In order to avoid these events being seen as the Taranto or Guernica to a future cyberspace Pearl Harbor or Hamburg, the Department of Defense must begin to consolidate its currently disjointed and redundant cyber warfare efforts. It must also join these endeavors with international, interagency, and civilian security efforts. While the current DOD Strategy elucidates five strategic goals, it lacks specificity and clarity of execution. In order to eliminate these shortcomings, the Department of Defense should set the following priorities in conjunction with civilian industry to be in place by 2020. First, the U.S. government, its allies, and the computer industry should standardize the cyber warfare lexicon. Second, the DOD should place the development of both passive and active intrusion defenses at the forefront of its research-and-development (R&D) budget. Finally, the DOD should develop a scalable offensive capability that allows it to place both state and non-state actors’ systems, infrastructure, and economic resources at immediate risk.

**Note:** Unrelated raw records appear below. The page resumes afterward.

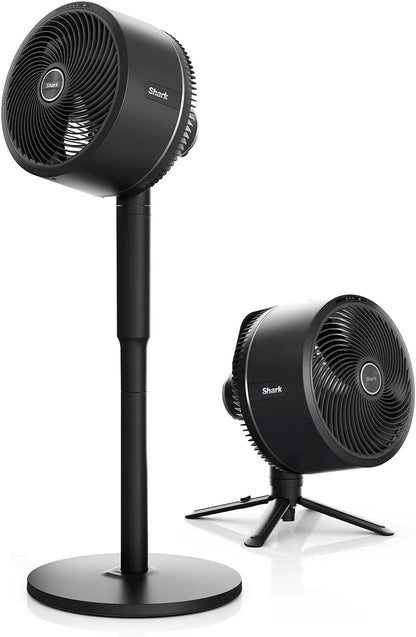 Shark FlexBreeze High-Velocity 12-in-1 ventilator, hybride bedrade en draadloze draagbare koelventilator, binnen en buiten, instelbare kanteling, krachtig en stil, met afstandsbediening en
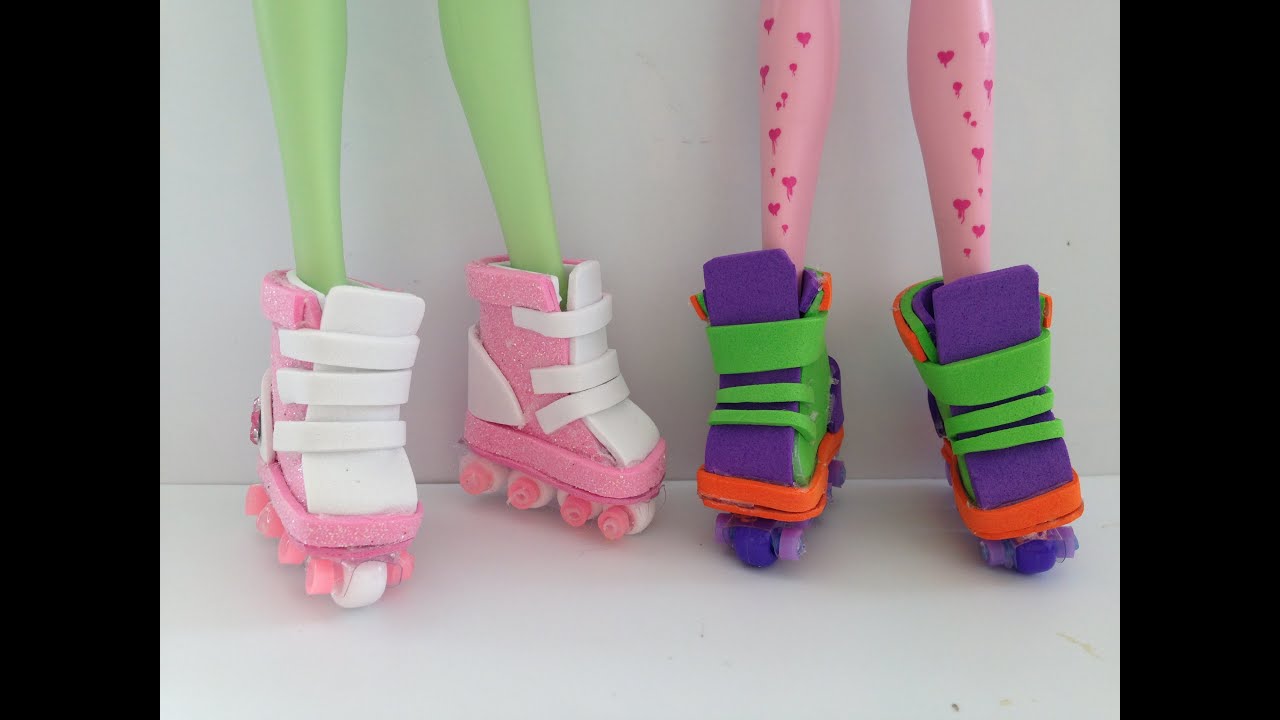 How to make miniature roller blades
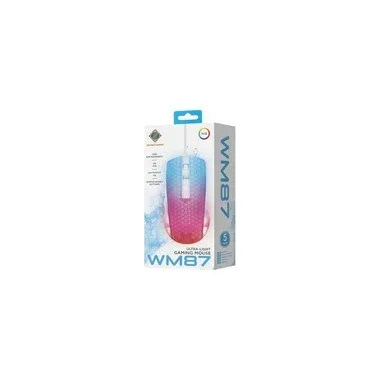 DELTACO, DELTACO Ultralight Gaming Mouse, RGB GAM-144-W Semi-Transparent, WM87,White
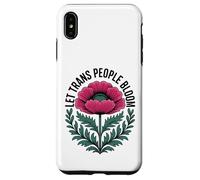 Carcasa para iPhone XS MAX Deja Que Las Personas Trans florezcan - Vibrant Pride Ally Flower Pretty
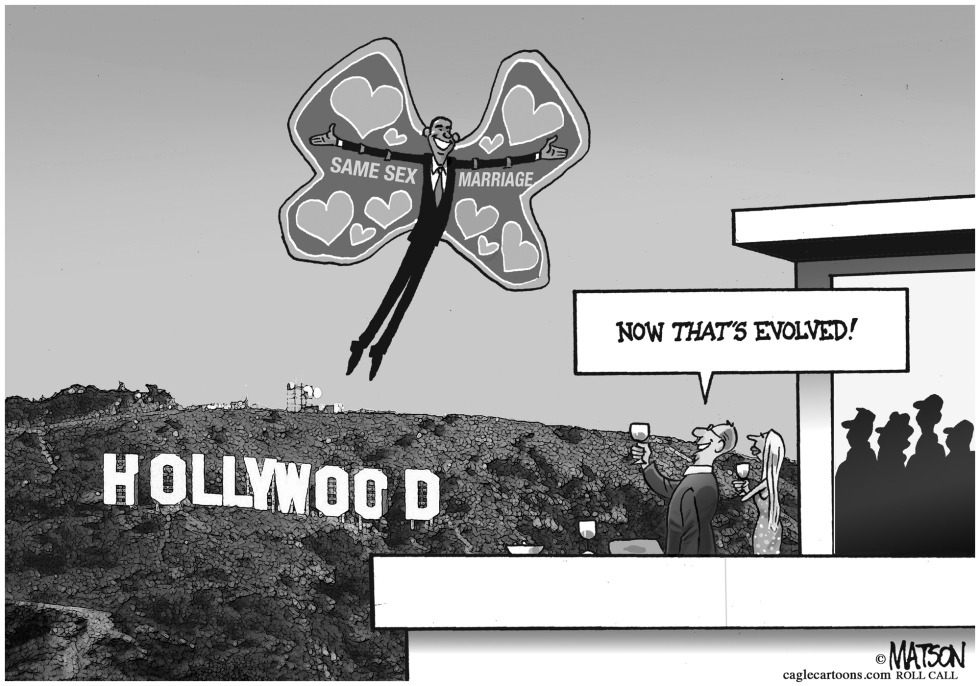  EVOLVED OBAMA APPEALS TO HOLLYWOOD CAMPAIGN DONORS by RJ Matson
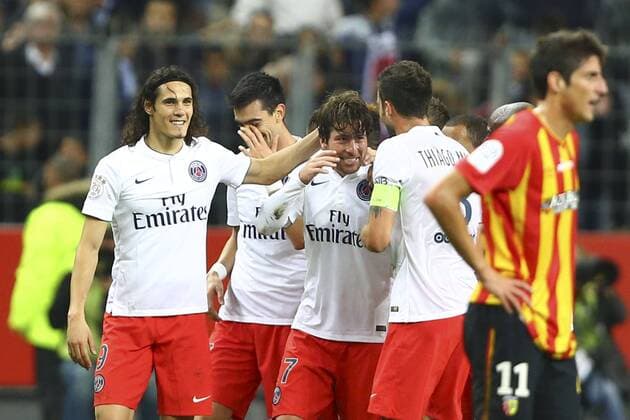 Maxwell Sherrer (PSG) et equipe FOOTBALL : Lens vs Paris Saint Germain - Ligue 1 - 17 10 2014 - GwendolineLeGoff Panoramic 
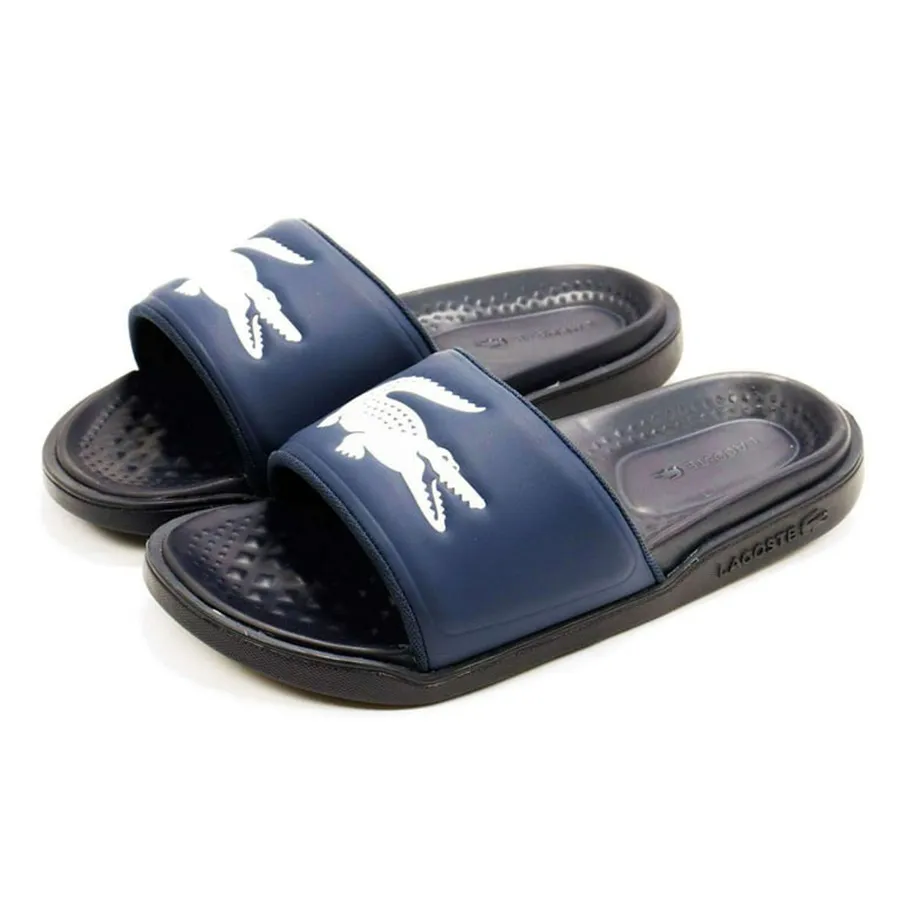 Dép Lacoste - Dép Lacoste Croco Dualiste 1122 2 Slide Sandals Màu Xanh Navy Size 9 - Vua Hàng Hiệu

Standardizing the Cyber Lexicon
The need for a standardized language between the Department of Defense and its partners is readily apparent from operations in other military domains. Just as land, sea, and air forces require immediately recognizable acronyms and terms to easily operate in an efficient manner, cyber warfare personnel will need a language that allows them to rapidly respond to an event or threat. In addition to being encapsulated in doctrine and publications (e.g., JP1-02), cyber-specific terms need to convey specific effects/outcomes to combatant commanders and their staffs of all services. Put another way, much like the fires officer in an Army divisional tactical operations center should be able to convey his commander’s needs to a Navy aviator on a carrier strike group’s bridge, cyber staff principals should be able to quickly explain what is happening to a joint or combined network. U.S. Cyber Command (CYBERCOM), as the designated DOD agency for cyberwarfare, should be the main proponent for this task.
At the strategic level, part of this lexicon must be a common understanding as to a given cyber attack’s severity. In an era of 24-hour news and its tendency for hyperbole, a sober and objective scale to apply to each event will be critical for the proper allocation of resources and advising of senior leaders. A proposed methodology for accomplishing this is the use of a Cyber (CY) Scale that is developed and implemented through agency memoranda of understanding and/or United States Code. The following scale provides a possible framework for U.S. government use:
• CY-1: Minor intrusion compromises unclassified but possibly sensitive data or leads to payments funneled to possible non-state actors. The recent penetrations of the Office of Personnel Management or the “ransom hack” of MedStar Health’s facilities are examples.
• CY-2: An intrusion compromises major weapon systems or trade secrets, or causes moderate impact to a specific civilian economic sector. A possible scenario for such an event would be if a state or non-state actor penetrated an international bank and caused disruption to account services for 48–72 hours.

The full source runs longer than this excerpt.